Online Dating is not  for me. I really gave it a go I signed up for 3 months on a few paid dating  sites. ( Oh I tried but I cant helping thinking what I could of done with the money instead of waste it on this pointless activity) but its not my thing. I cant connect on that level. I like to be able look someone in the eye when I talk to them not type on keyboard or send them a wink. Online Dating is like a weird populairty contest, I edited pics and profile until I was watered down version of myself. You feel like you are trying not to say the wrong thing when someone does speak to you. My current method is dont say too much keep it brief or talk about how akward online dating is.

I have been really open regarding the type of guys I talk to as I still trying to establish what I like in a man apart from honesty.lol. But I generally only respond to people I fancy or people I fancy  and have written an interesting profile. I have had a few dates and I hope to have more in the near future. I have managed to get someone who lives in Birmingham wants  to come down and see me, I didnt ask him to do it. But he feels a need to lol. Im sure why he isnt  going to get a gold star for it .

There has been some slighty puzzling request from one guy im seeing, he really into me coming to see where he works and has told me so much about himself. In some ways its strange to meet someone who is open and isnt trying to hide everything and isnt making up lies about his life.Im not very  trusting anymore and I find myself wandering whats the ulterior motive - what does he want from me.

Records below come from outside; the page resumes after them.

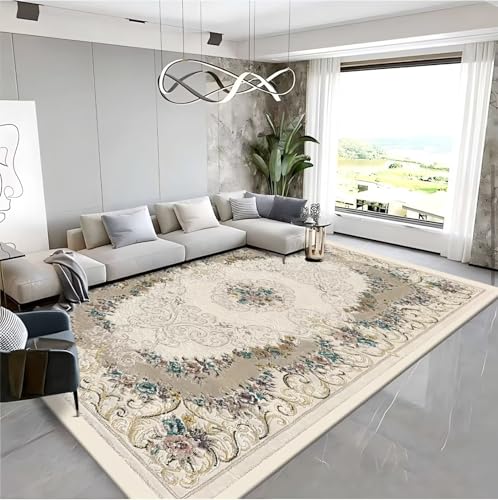 RUGMRZ Waschbar Teppich Waschbar 120x160cm,Beige,Moderne Kunst für Terrasse,Bettumrandung,Neben Bett von RUGMRZ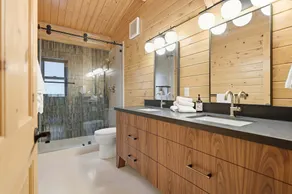 Log Cabin With Shou Sugi Ban Fireplace - Vh401 4 Bedroom Home - Image 3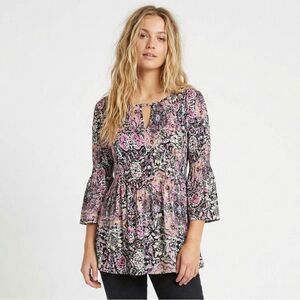 Floral & Ivy Pink Black Print Keyhole Blouse Small 3/4 Sleeve Boho Work Casual
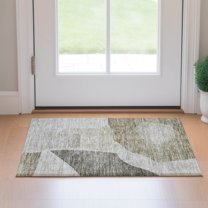 Addison Rugs Mayfield Washable Transitional Abstract Taupe Rectangle Rug, 1'8" x 2'6"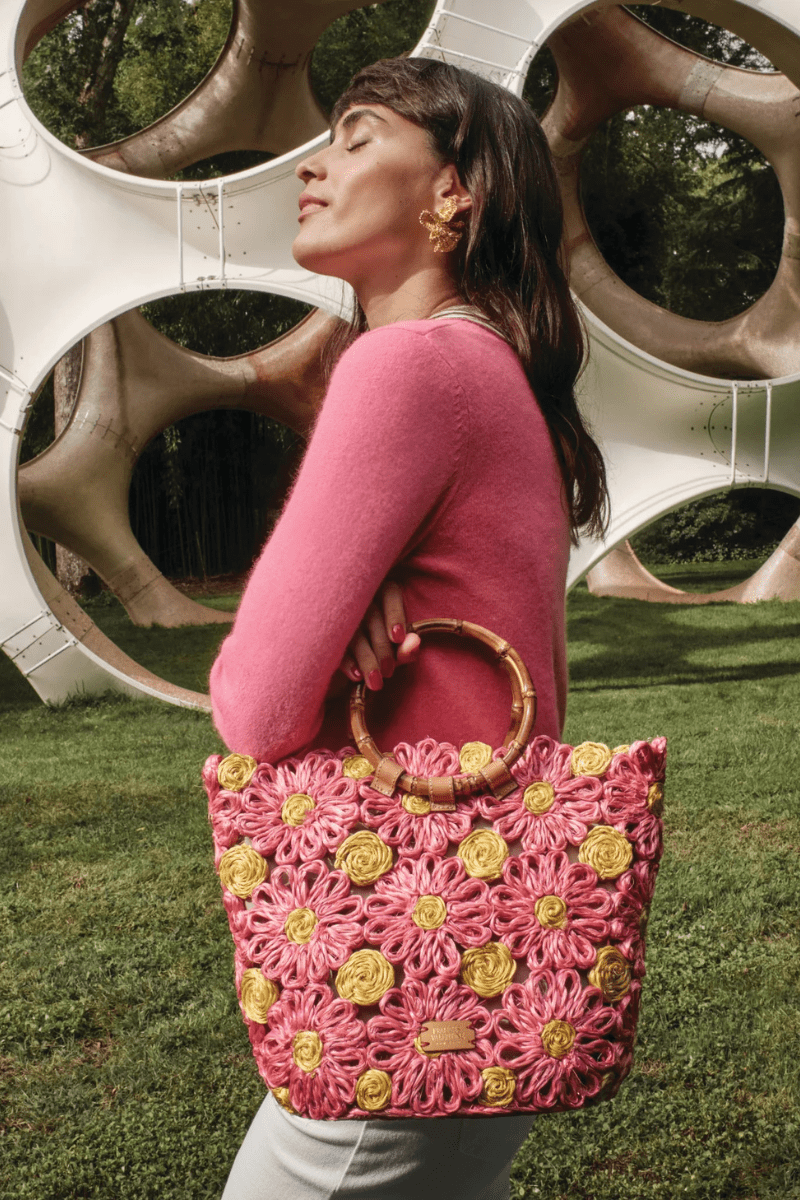 Flora Tote w/ Bamboo Handle in Pink/Yellow - Frances Valentine - Archery Close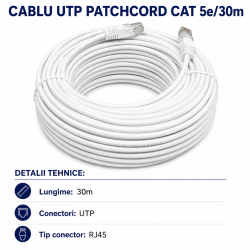 Cablu cat 5e UTP Patchcord 30m RJ45 tata internet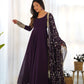 Royal Fox Georgette Anarkali Set with Embroidered Dupatta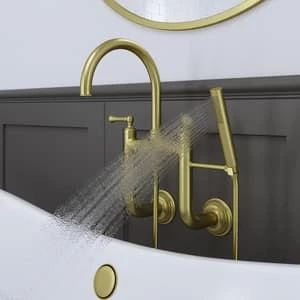 Best reviews of 🎉 Pfister Tisbury™ Three Handle Wall Mount Filler in Brushed Gold 😀 - Image 3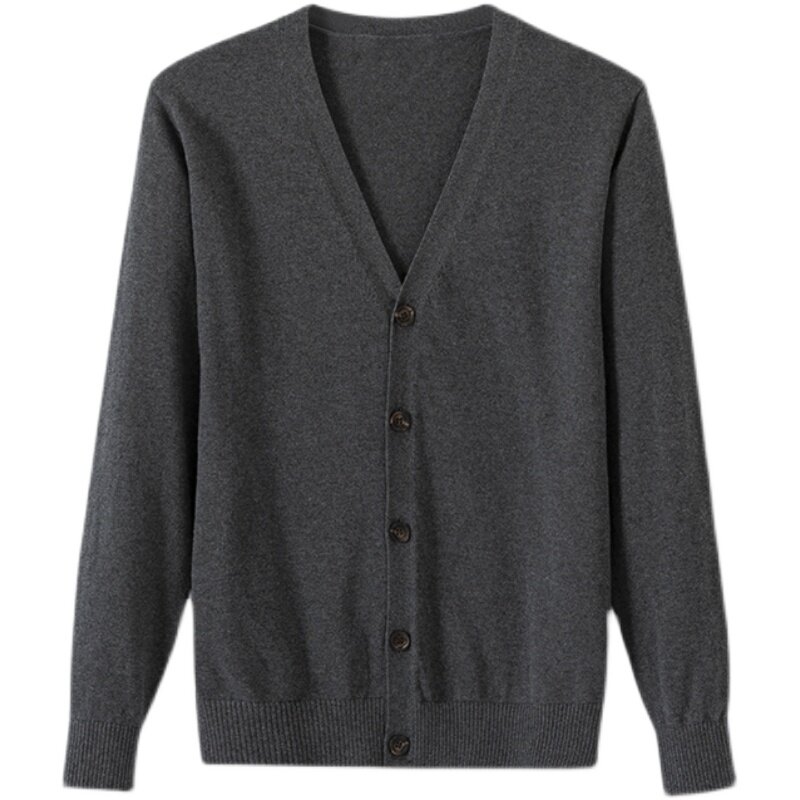 Cárdigan de punto de algodón puro, chaqueta informal de Color sólido con cuello en V, versátil de manga larga, Top fino de moda para primavera y otoño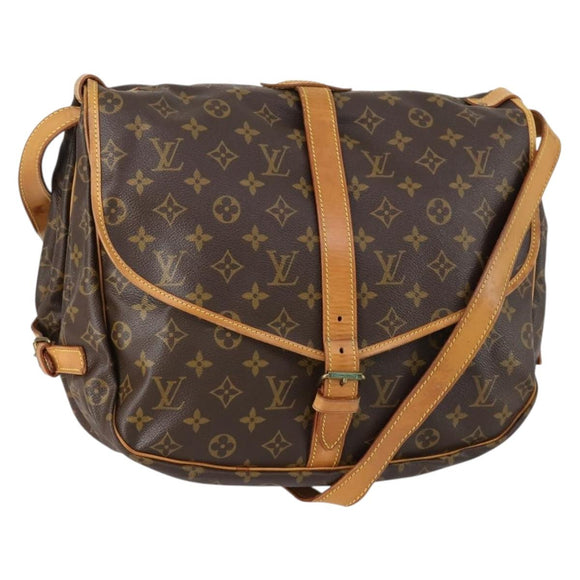 LOUIS VUITTON Monogram Saumur 35 Shoulder Bag M42254 LV Auth 152023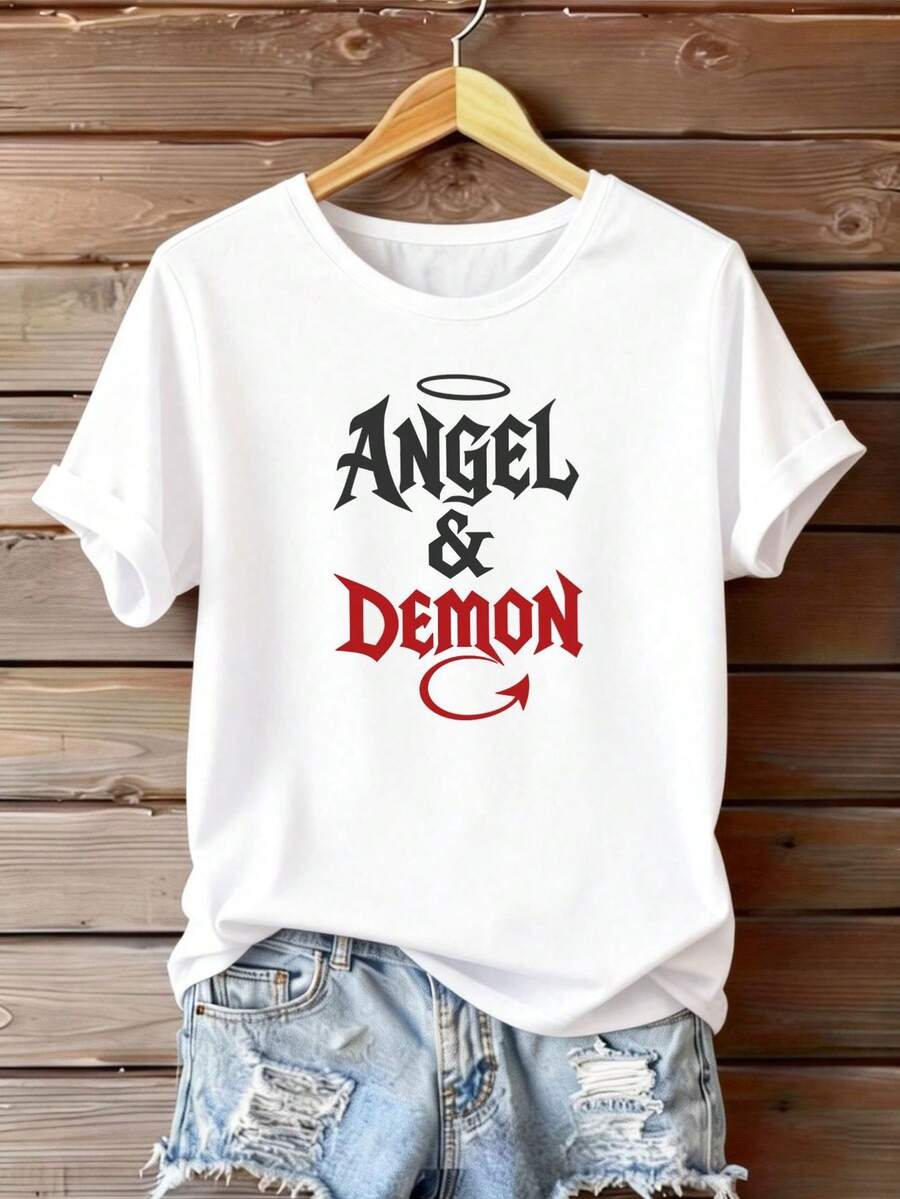 Camiseta de impresión del ángel y el diablo de 1pc de las mujeres - rojo y negro contraste casual cuello redondo camiseta de manga corta superior, - ángel / diablo-tema desgaste casual o trajes a juego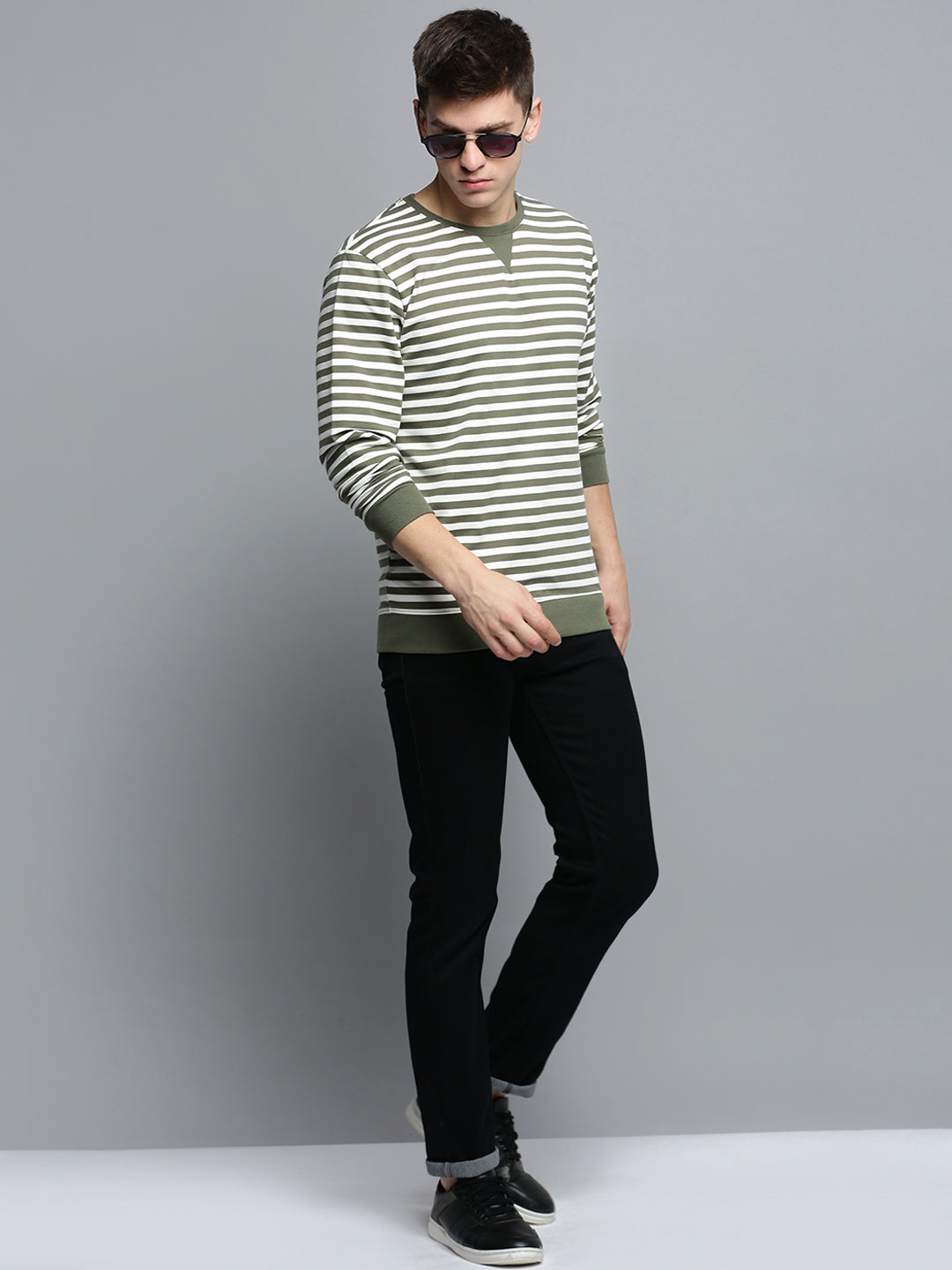 Men Green Striped Casual Sweatshirt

Despite all this I  think dating is my new hobby as I like meeting people. But the most annoying thing is end of date when the guy says I will be in touch or I will send you a text . 2or 3  days later when you least expect it you get a random text saying I really enjoyed meeting you. I start to think really Are you sure? It took you 2 days to text me, maybe you not that into me.

The next date I go on Im going to try to be the one to say I will be in contact or send you a text. Im not sure why guys think they are the decision is up to them. I feel like please dont act doing me a favour by dating me. Because you are not doing me a favour at all ,  I intend to date a lot and this isnt end of the world if you decide not to date me. There are plenty of fish in the sea and you could  be replaced by someone else.

A poem that made me think of the Ex

I went to a poetry/ storywriting  evening on friday night. It was fun to do something different. There a female poet who read a poem called Please Come Late by Hugo William. It made me think about the Ex  for a while. 


Please Come Late
By Hugo Williams

Please come late,
so that I have almost given you up
and have started glancing round the room,
thinking everyone is you.
Please don’t come
until I have started missing you,
thinking I will never see you again,
praying you are lost.
Come too late for me not to notice.
Make me suffer,
wondering what you are doing
on the other side of town,
still in your dressing gown.
Make me beg for mercy
when you pick up a magazine.
Are you looking in your mirror,
suddenly remembering me?

I’m on my second coffee by now,
eating the little bits of sugar in my cup.
Haven’t you set out yet?
I decide I don’t want to see you after all.
I don’t really like you.
I’d rather be on my own.
I know it is all over between us
But I go on sitting here,
reading a newspaper,
not understanding a word.
If you came in now, I wouldn’t recognize you.
Don’t come anywhere near me
until I have gone slightly mad for love of you.

Saturday, 1 January 2011

I think the masochist in me is dead

I use to be so self destructive and self harm, with food, alcohol, relationships with men. But I have changed recently I dont want to do anything to hurt myself anymore.Its almost like I found happiness and joy from life and love myself now.